Attempt at a real world benchmark

Fri Dec 9 05:54:05 UTC 2016

> On Dec 9, 2016, at 1:00 PM, Joachim Breitner <mail at joachim-breitner.de> wrote:
> 
> Hi,
> 
> Am Freitag, den 09.12.2016, 09:50 +0800 schrieb Moritz Angermann:
>> Hi,
>> 
>> let me thank you perusing this!
>> 
>>>> I am not sure how useful this is going to be:
>>>>  + Tests lots of common and important real-world libraries.
>>>>  − Takes a lot of time to compile, includes CPP macros and C code.
>>>> (More details in the README linked above).
>>> 
>>> another problem with the approach of taking modern real-world code:
>>> It uses a lot of non-boot libraries that are quite compiler-close and
>>> do low-level stuff (e.g. using Template Haskell, or stuff like the). If
>>> we add that not nofib, we’d have to maintain its compatibility with GHC
>>> as we continue developing GHC, probably using lots of CPP. This was
>>> less an issue with the Haskell98 code in nofib.
>>> 
>>> But is there a way to test realistic modern code without running into
>>> this problem?
>> 
>> 
>> what are the reasons besides fragmentation for a modern real-world test
>> suite outside of ghc (maybe even maintained by a different set of people)?
> 
> I am not sure what you are saying. Are you proposing the maintain a
> benchmark set outside GHC, or did you get the impression that I am
> proposing it?

Yes, that’s what *I* am proposing for the reasons I mentioned; one I
did not yet mention is time. Running nofib takes time, adding more time
consuming performance tests would reduce their likelihood of being run
in my experience.  As I see this as being almost completely scriptable,
this could live outside of ghc i think. 

> 
>> At some point you would also end up having a matrix of performance
>> measurements due to the evolution of the library and the evolution of ghc.
>> Fixing the library to profile against ghc will likely end at some point in
>> incompatibility with ghc. Fixing ghc will similarly at some point end with
>> the inability to compile the library.
> 
> My motivation right now is to provide something to measure GHC, so this
> would involve fixing the library. And that is what I am worried about:
> Too much maintenance effort in keeping this large piece of code
> compatible with GHC.

Well, we won’t know until we try :-)

> But maybe it is ok if it part of nofib, and hence of GHC, so that every
> breaking change in GHC can immediately be accounted for in the
> benchmark code.
> 
> A nice side effect of this might be that GHC developers can get a
> better idea of how much code their change breaks.

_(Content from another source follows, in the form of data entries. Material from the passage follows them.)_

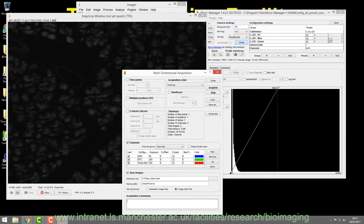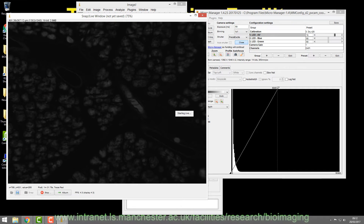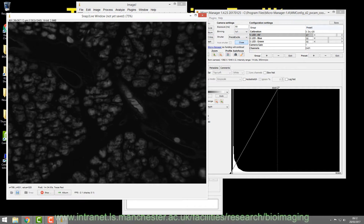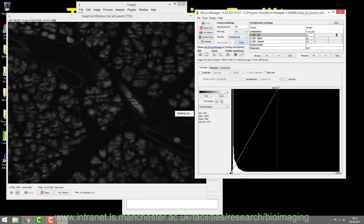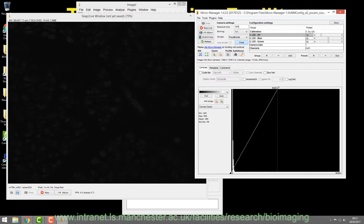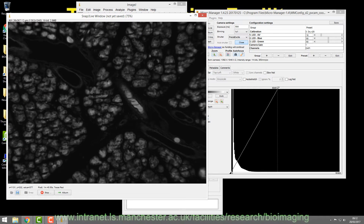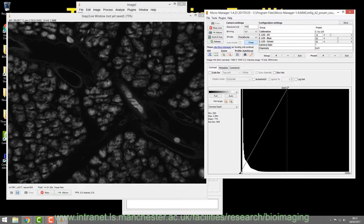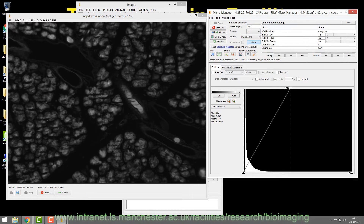You can also change the intensity of the LEDs for each channel — it's LEDs now, not mercury bulbs. You can increase LED intensity to keep a short exposure with high intensity, or do the reverse. If your sample is bleaching quickly, you can drop the LED intensity and increase the exposure time.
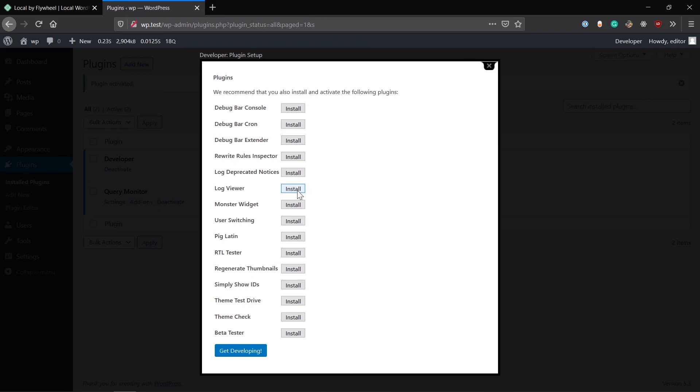There is Regenerate Thumbnails. It's helpful. What it does is it helps you regenerate the thumbnails you have uploaded for the sizes you have added recently in your theme, which may not be available earlier. It helps you force regenerate those thumbnail images you already have added.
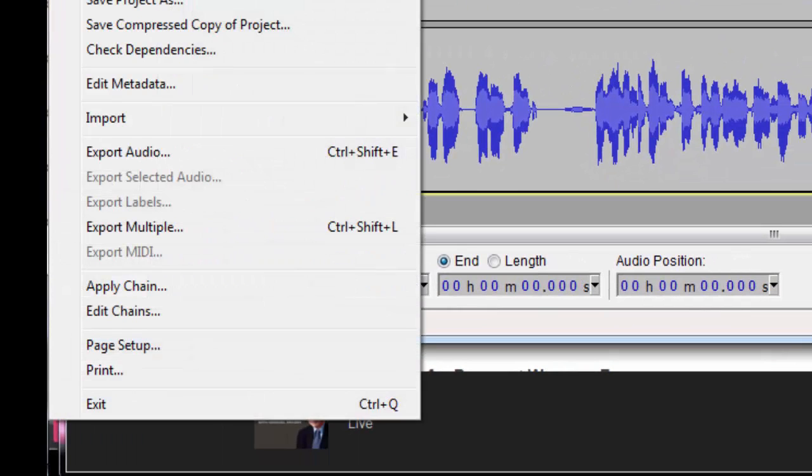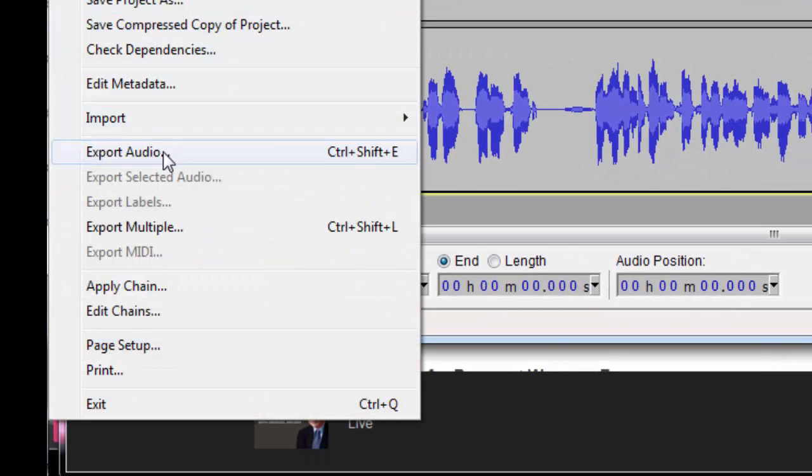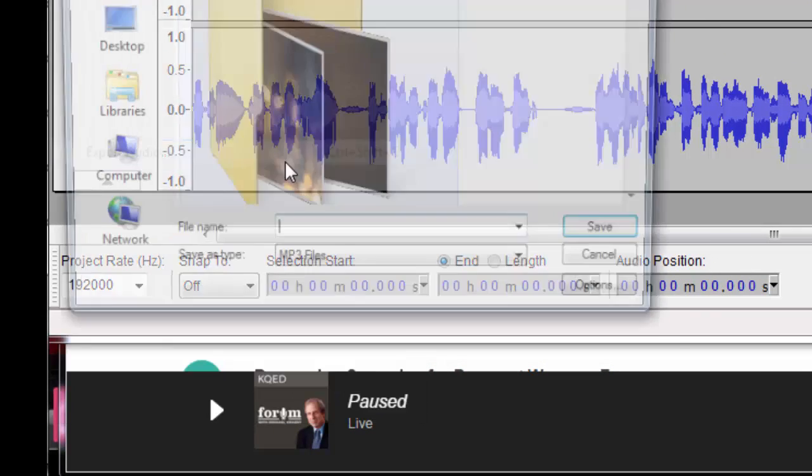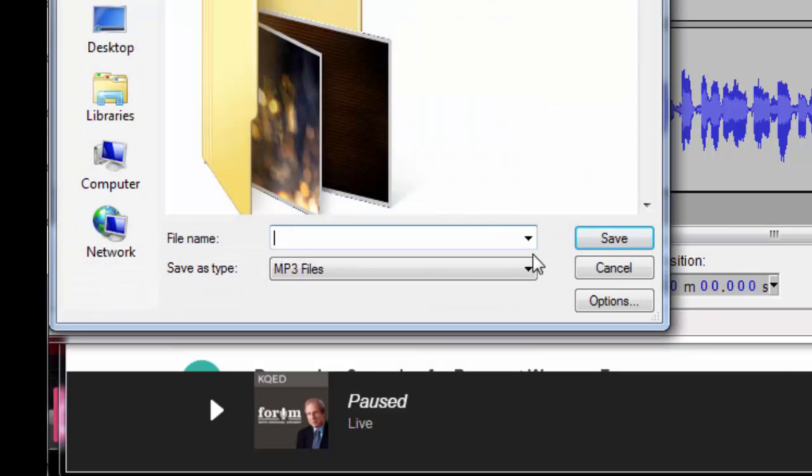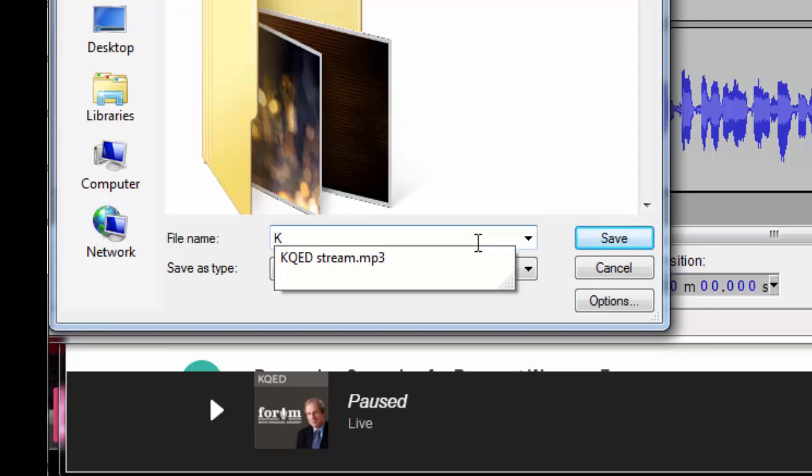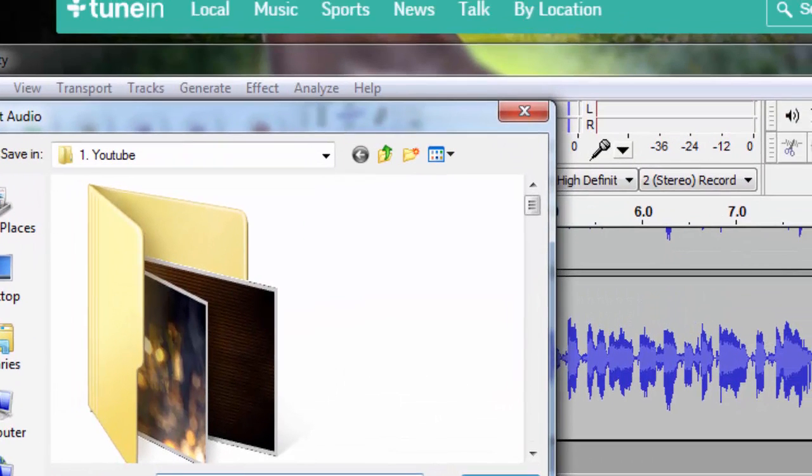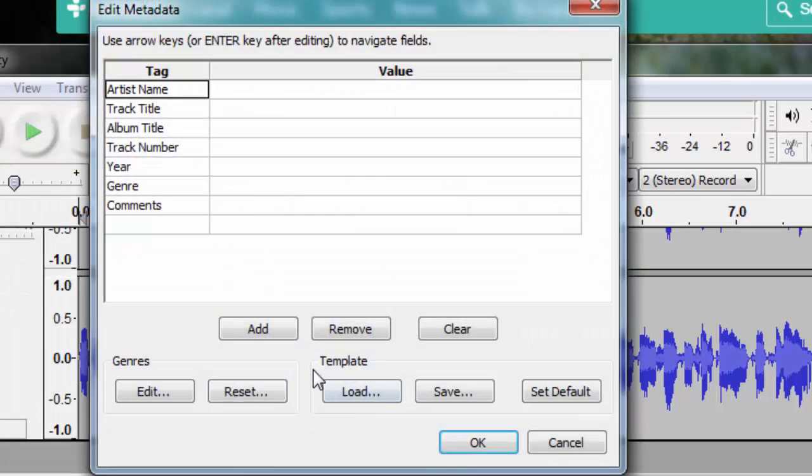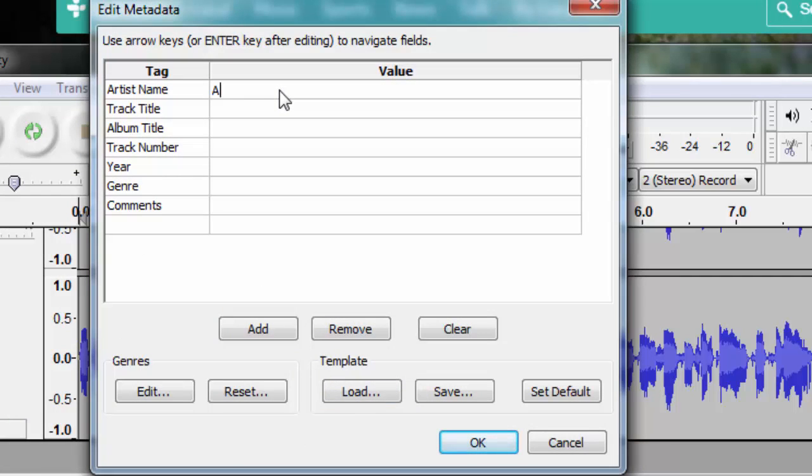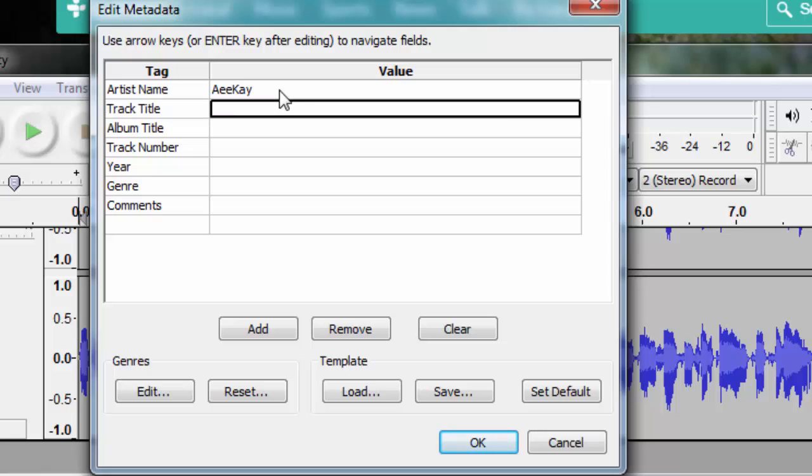Now I'm going to export the audio. Click on export, type in a file name and the location you want to save in. I'm going to type in KQED and save it. It will ask for some information. If you want, you can add metadata information. I'm going to add my name, AK.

I’m not much a fan of this, but that’s just my opinion :-)

>> 
>> What measurements did you collect? Are these broken down per module?
> 
> Nothing yet, this is on the TODO list.
> 
>> Something I’ve recently had some success with was dumping measurements
>> into influxdb[1] (or a similar data point collections service) and hook
>> that up to grafana[2] for visualization.
> 
> Nice! Although these seem to be tailored for data-over-time, not
> data-over-commit. This mismatch in the data model was part of the
> motivation for me to create gipeda, which powers
> https://perf.haskell.org/ghc/

Assuming we confine this to a particular branch, or discriminate by branch,
commits would be measured in sequence anyway, and the timestamp could be the
time of the reporting of the measurement, and the respective ghc commit hash
end up being an annotation. While this is not very pretty (and I would hope
that grafana has some other ability to enrich the hover-tooltips) it could
present a flexible solution without requiring additional engineering effort.

However, if gipeda is sufficient, please ignore my comment :)

Cheers,
 moritz